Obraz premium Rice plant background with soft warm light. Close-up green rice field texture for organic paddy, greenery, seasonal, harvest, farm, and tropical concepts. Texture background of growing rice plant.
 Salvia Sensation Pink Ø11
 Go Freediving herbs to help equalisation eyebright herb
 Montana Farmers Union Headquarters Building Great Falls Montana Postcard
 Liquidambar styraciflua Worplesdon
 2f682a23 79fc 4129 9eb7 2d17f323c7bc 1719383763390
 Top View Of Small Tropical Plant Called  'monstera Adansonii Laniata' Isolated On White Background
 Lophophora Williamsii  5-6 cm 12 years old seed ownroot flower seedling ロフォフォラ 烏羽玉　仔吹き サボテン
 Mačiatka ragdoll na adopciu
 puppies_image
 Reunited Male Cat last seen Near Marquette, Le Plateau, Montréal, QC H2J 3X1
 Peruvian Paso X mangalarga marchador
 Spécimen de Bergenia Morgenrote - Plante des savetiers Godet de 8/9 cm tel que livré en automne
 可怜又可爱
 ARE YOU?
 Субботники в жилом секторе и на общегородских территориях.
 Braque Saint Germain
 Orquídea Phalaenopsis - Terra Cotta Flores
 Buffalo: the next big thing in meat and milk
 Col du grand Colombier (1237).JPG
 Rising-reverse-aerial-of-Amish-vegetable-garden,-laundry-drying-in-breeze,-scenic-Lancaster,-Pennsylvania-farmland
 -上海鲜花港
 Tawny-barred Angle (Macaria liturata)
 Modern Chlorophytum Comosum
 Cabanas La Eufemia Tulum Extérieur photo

-------------------------

> **Description of the task**
Your answer is the line containing "Modern Chlorophytum Comosum" plus every line after it through the end of the entries, given again exactly and alone.

> **Your solution**
 Modern Chlorophytum Comosum
 Cabanas La Eufemia Tulum Extérieur photo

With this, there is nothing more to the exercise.